Glyphs

A glyph describes the visual shape that make up a symbol. The outline of a glyph is made up of one or more contours. A contour is a closed loop of lines and curves. Glyphs are filled with the Non Zero Winding Rule. The direction, or winding of the contour determines if an area is filled in or not.

There are two types of glyphs, a simple and a compound glyph. Simple glyphs are what we've been discussing, a simple glyph is made up of one or more contours. A compound glyph is the combination of two or more simple glyphs. Compound glyphs can recursivley include other compound glyphs.

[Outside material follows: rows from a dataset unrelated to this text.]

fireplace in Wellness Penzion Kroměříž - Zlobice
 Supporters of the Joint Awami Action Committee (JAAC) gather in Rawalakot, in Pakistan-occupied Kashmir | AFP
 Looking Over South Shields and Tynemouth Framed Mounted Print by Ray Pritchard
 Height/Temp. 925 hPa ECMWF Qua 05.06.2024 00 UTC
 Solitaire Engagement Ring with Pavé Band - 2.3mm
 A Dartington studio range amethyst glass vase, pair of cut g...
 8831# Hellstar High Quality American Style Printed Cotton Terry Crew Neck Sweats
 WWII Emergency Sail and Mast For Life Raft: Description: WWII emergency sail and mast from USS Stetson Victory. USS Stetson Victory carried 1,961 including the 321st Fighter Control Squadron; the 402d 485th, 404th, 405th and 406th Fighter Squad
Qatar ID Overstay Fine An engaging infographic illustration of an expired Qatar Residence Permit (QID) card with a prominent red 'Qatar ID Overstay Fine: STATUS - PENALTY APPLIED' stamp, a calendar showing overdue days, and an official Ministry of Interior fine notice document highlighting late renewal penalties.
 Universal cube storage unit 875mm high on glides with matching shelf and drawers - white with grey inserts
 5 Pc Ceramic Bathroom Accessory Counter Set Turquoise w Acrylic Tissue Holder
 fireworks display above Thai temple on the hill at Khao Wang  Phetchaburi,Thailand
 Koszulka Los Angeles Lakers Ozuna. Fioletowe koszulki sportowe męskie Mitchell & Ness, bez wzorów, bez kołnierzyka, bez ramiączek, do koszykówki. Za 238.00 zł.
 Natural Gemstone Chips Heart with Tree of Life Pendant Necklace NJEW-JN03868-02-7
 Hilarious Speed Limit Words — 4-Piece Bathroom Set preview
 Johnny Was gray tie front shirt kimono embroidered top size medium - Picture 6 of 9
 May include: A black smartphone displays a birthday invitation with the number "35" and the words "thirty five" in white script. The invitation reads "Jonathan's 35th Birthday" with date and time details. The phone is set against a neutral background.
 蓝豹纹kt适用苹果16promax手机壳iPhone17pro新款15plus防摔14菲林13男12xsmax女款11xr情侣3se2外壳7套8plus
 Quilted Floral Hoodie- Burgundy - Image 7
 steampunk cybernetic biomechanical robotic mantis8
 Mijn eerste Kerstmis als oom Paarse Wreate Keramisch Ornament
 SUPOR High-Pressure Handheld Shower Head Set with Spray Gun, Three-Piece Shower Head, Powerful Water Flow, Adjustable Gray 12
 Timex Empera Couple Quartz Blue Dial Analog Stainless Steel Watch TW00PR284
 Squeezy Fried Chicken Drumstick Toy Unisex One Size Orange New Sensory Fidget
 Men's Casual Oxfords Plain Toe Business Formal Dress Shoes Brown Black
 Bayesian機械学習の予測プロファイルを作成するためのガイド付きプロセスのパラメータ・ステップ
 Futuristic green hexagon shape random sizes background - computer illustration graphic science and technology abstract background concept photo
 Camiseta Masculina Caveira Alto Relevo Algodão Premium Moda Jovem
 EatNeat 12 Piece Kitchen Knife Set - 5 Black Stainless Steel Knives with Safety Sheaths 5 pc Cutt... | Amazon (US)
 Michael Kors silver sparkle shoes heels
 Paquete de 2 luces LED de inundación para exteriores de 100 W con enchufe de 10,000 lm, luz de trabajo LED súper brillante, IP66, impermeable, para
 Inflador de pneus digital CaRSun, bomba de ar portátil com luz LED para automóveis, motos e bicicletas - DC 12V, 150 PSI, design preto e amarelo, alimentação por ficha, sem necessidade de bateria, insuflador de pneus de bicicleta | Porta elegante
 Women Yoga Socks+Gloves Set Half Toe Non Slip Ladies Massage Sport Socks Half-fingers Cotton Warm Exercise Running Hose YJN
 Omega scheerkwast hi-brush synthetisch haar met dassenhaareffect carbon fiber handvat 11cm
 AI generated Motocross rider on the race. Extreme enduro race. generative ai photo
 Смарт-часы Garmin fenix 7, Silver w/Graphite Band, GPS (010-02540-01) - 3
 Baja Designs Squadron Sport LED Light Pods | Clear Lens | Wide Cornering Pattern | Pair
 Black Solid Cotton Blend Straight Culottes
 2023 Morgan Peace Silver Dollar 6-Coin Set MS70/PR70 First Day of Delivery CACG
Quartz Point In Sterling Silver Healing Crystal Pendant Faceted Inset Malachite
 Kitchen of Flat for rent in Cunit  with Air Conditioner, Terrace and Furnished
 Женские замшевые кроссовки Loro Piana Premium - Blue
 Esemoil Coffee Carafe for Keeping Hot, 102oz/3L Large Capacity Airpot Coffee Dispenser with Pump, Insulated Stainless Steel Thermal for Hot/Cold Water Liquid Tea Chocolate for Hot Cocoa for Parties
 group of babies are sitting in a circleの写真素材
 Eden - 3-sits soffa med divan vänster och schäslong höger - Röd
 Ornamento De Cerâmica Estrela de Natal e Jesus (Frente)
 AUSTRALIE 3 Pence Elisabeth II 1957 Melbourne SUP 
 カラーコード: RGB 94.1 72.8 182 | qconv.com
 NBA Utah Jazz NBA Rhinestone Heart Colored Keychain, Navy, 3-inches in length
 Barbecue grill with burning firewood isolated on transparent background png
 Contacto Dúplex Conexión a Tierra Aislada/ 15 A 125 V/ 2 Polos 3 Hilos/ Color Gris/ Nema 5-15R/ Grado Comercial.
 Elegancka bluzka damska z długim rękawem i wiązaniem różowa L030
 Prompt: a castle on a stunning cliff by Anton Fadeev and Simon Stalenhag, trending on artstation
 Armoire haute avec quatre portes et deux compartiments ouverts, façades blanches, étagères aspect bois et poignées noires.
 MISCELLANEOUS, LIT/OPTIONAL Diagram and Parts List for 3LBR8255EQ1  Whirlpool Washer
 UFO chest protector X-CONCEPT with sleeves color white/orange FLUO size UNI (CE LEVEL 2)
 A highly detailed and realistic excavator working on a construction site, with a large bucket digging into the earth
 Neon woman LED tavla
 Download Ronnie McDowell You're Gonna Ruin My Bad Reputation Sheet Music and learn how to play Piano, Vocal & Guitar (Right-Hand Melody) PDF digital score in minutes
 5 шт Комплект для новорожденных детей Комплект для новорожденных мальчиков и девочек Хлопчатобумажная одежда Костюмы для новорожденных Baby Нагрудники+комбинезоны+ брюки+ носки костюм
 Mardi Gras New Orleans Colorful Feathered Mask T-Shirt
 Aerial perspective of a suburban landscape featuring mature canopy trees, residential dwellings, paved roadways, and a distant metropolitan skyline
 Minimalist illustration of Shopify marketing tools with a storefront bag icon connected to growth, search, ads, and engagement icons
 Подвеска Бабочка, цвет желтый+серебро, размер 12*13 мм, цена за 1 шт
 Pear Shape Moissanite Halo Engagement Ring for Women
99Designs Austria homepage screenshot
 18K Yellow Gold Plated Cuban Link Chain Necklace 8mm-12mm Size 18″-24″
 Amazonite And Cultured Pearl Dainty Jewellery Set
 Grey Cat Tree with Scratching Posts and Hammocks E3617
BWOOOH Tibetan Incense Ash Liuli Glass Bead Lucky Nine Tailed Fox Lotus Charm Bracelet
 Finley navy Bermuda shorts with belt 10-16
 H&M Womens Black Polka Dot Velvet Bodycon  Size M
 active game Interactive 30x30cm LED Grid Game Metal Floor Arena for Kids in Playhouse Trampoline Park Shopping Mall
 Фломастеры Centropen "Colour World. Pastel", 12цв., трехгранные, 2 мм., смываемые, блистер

To parse glyph outlines out of a true type font file, we will first load the font directory. Once the font directory is loaded, we need to find the following tables:

Table	Why it's needed
maxp	Contains the number of glyphs contained in the font.
loca	Glyph data is not stored in a tightly packed array. `loca` contains offsets to glyphs from the start of the `glyf` table.
head	Contains `indexToLocFormat`, which tells us if the `loca` table is short (16 bit) or long (32 bit).
glyf	This table holds glyph contours.

Loading the glyph outline is a multi step process. First, we need to load the maxp table and find the total number of glyphs. Then we need the head table, to check what type the loc table is (16 bit or 32 bit). Once we know the type of the loca table, we can loop trough every glyph offset (0 ... maxp.numGlyphs), and use that offset to finally locate the glyph data.

The glyph data is stored with some compression, reading glyphs is verbose (code-wise). To make the code a bit easier to follow along, we will first uncompress the glyph data into an array that matches the source data closeley, before converting that array into the glyph structure.

Glyph Structure

A glyph is made up of edges grouped into contours. Each edge is either a straight line, or a quadratic bezier curve. To represent this, we're going to make an Edge structure that has a start point, an end point and an optional control point. The Edge structure also contains a quadratic flag to let us know if the edge is a curve or a straight line.

struct Edge {
    union {
        struct {
            Point start;
            Point end;
            Point control;
        };
        Point points[3];
    };
    bool quadratic;

    inline Edge() { quadratic = false; }
};

Next, let's define the glyph structure, which is a list of edges along with a bounding box (min & max points) and the index of the glyph. Both the edges and min / max are stored in FUnits, unless the glyph has been transformed. We will add more data and functions to the Glyph class as needed.

struct Glyph {
    vector< Edge > edges; // In FUnits until transformed

    Point min; // In FUnits until transformed
    Point max; // In FUnits until transformed

    u32 index;

    void FlipY();
    Glyph Transform(f32 a, f32 b, f32 c, f32 d, f32 e, f32 f, f32 m, f32 n);

    // We will add more functions & variables later
};

Finally, let's create the Font class. This class contains an array of glyphs, we will add more variables and methods later. Each glyph can be retrieved from the font by it's index, using the GetGlyphByIndex function. The two helper functions, ParseSimpleGlyph and ParseCompoundGlyph are called from the constructor only, they can recursivley call each other. To parse the data of a glyph, we need to know the index of the glyph, the location of the glyf table and the loca table. The loca table is a vector of 32 bit integers. Regardless of what indexToLocFormat is, we will always parse loca into this 32 bit format.

class Font { 
protected:
    vector< Glyph > allGlyphs;
protected:
    Glyph ParseSimpleGlyph(u16 index, u8* glyf, const vector< u32 >& loca);
    Glyph ParseCompoundGlyph(u16 index, u8* glyf, const vector< u32 >& loca);
public:
    Font(const char* file, bool flip = true);

    const Glyph& GetGlyphByIndex(u32 index);

    inline u32 NumGlyphs() {
        return allGlyphs.size();
    }

    // We will add more functions & variables later
};

Parsing a ttf file

In this section we will search for the maxp, loca, head and glyf tables. Once loaded we will use these tables to load every glyph in the font. The constructor of the font starts by reading the font file into a large buffer.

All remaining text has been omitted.